What guardrail would prevent recurrence? Specific, actionable, assignable

Guardrails from RFOs became ops debt tickets. Ops debt tickets got scheduled. "Later" meant "this sprint or next," not "someday."

The payoff:

The number of recurring incidents dropped by half within a year of enforcing this discipline. The same problems stopped showing up because fixes were institutional, not heroic.

One recurring issue—a race condition in batch processing—had caused monthly late-night pages for two years. Everyone knew about it. Everyone assumed someone would fix it "eventually."

After we started treating ops debt as sprint work, it got fixed in three days. Three days of effort eliminated two years of pain.

Vendor Volatility Plan

External dependencies fail. Vendors get acquired. APIs change without notice. If your only payment processor goes down, what do you do?

The structure we maintained:

For every critical external dependency—payments, background checks, state credentialing APIs—we maintained a hot standby. A second vendor, legally contracted and technically integrated, even if volume was low.

We flowed a small percentage of traffic through the backup continuously. Just enough to know it worked.

Contract renewals, price changes, and SLA modifications lived in a shared calendar with assigned owners. Surprises were escalations, not emergencies.

The payoff:

In 2015, a state contractor changed their onboarding requirements mid-cycle. The primary integration needed weeks of rework. But we had the backup.

Within days, we shifted volume to the standby flow. Customers saw no disruption. We fixed the primary integration at our pace, not theirs.

That backup integration cost us maybe $50K to maintain annually. It saved us from a potential $500K contract loss and months of emergency work.

Data Hygiene as Operations

Dirty data causes more outages than bad code.

When your platform state doesn't match your external dependencies, everything falls apart. Customers see mismatches. Reports lie. Support spends hours debugging phantom issues.

The discipline we enforced:

Daily automated reconciliations compared our platform state against external systems:

Our records vs. state credentialing databases: Catch license status changes before they bite
Our payment records vs. processor statements: Every penny accounted for, every dispute defensible
Our scheduling data vs. exam provider calendars: No "we thought you were booked" surprises

Deltas triggered human review. Not an email that got ignored—an item in a queue with a "resolve" button that required action.

Every action was stamped in immutable audit logs: actor, source IP, payload hash, timestamp. Logs were queryable by ops, not just engineers. Support could trace a customer's entire history without asking engineering for help.

The payoff:

In 2017, a customer disputed a payment—claimed they'd never authorized it. In a system with poor audit trails, that's a legal headache.

We pulled the logs. Showed the customer's IP, the timestamp, the signed request, the processor confirmation. Dispute resolved in one email. That audit trail wasn't just for regulators—it protected us every week.

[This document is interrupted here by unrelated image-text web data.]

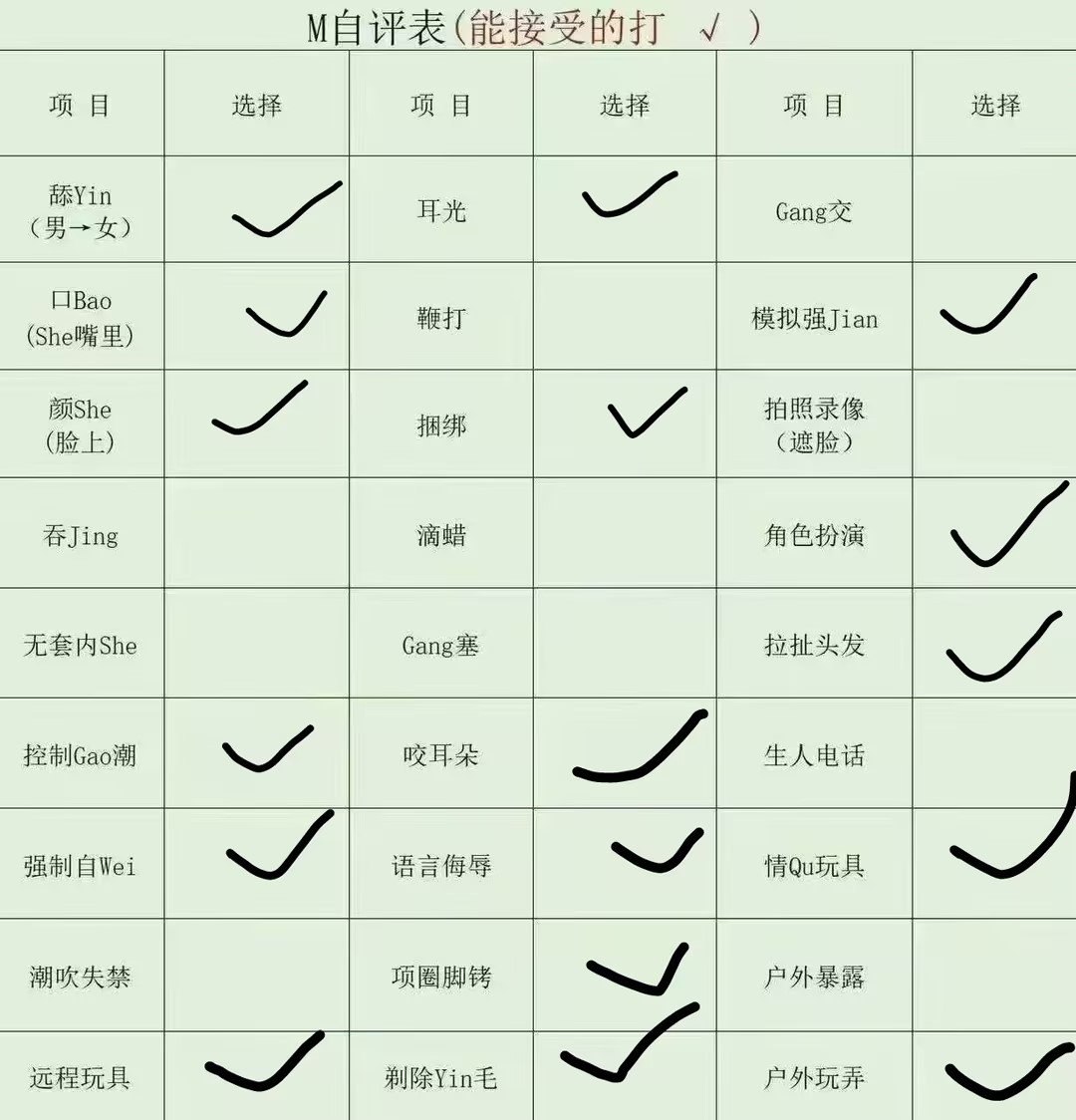 新疆 编号：450450 (点击复制)
➡️ 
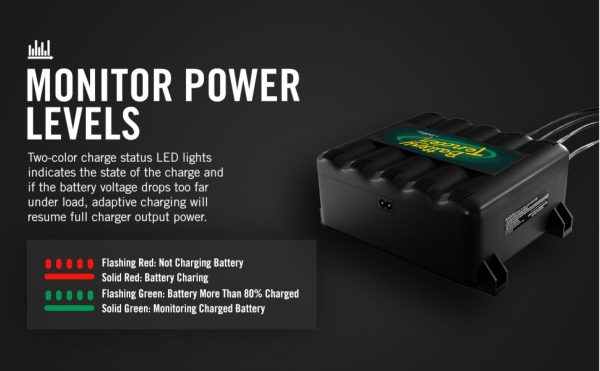Battery Tender 4 Bank Multibank Charger - 5 AMP (1.25 AMPs Per Bank) - Smart 12V Multi Battery Charger and Maintainer - 021-0148-DL-WH - Image 5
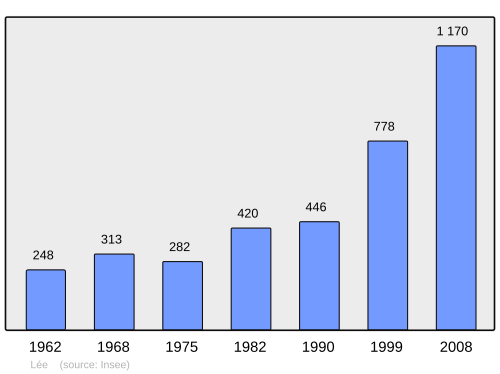 Fayl:Population - Municipality code 64329.svg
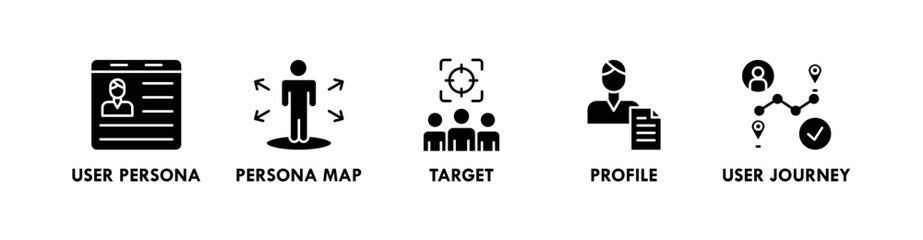 Persona Development banner web icon illustration concept with icon of user persona, persona map, target, profile, and user journey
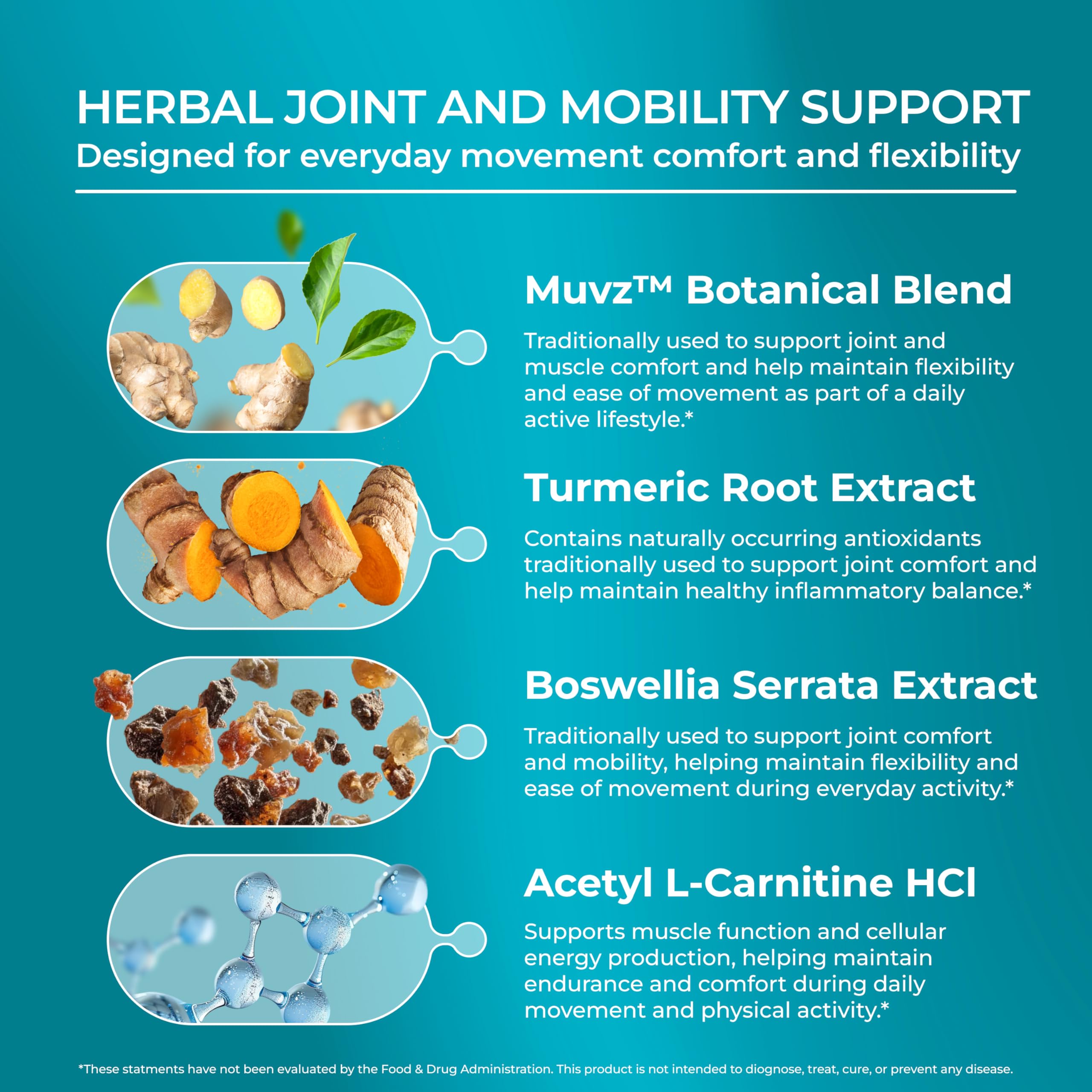 PUREHEALTH RESEARCH Comfortiq - Back Discomfort Supplement - Joint Health Support for Women & Men - with CoQ10, Turmeric, Acetyl L-Carnitine, Boswellia & More - 60 Capsules PUREHEALTH RESEARCH buy supplements canada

Customer Communication Rituals

Silence during incidents breeds distrust.

When something breaks, customers don't just want it fixed. They want to know what's happening, when it will be fixed, and that someone competent is working on it.

The rituals we maintained:

Status page updates for every incident:

What's the impact? Plain language, not jargon. "You can't register for exams right now" beats "registration service degraded"
What's the scope? Which customers? Which features? Specifics reduce panic
When's the next update? A specific time. "We'll update by 3 PM" not "soon"

Quarterly reliability reports to enterprise customers:

Uptime numbers: The actual percentage, not "we met SLA"
Incident count and severity: How many, how bad, what they cost
What we fixed since last quarter: Proof that we learn from failures

No hiding, no spin. If we had a bad quarter, we said so and explained what we were doing about it.

The payoff:

In 2014, we had a rough month. Two significant incidents, both with customer impact. We could have minimized it, hoped no one noticed.

Instead, the quarterly report led with the incidents. What happened. What we learned. What guardrails we added.

Three enterprise customers emailed to say they appreciated the honesty. All three renewed. One specifically cited the transparency as a reason.

Customers stay through bumps when they see ownership and improvement. They leave when they feel lied to.

People Practices That Preserve Reliability

Burned-out engineers write unreliable code.

On-call that exhausts people becomes on-call that breaks systems. Heroics that save the day once become expectations that destroy teams.

The practices we enforced:

No solo on-call without rehearsed playbooks. New engineers shadowed for two full rotations—watching, asking questions, learning the system—before taking primary.

Every retro ended with named owners and due dates. Not a list of "things we should do"—actual assignments. "Alice will add the breaker by Friday" or it didn't count.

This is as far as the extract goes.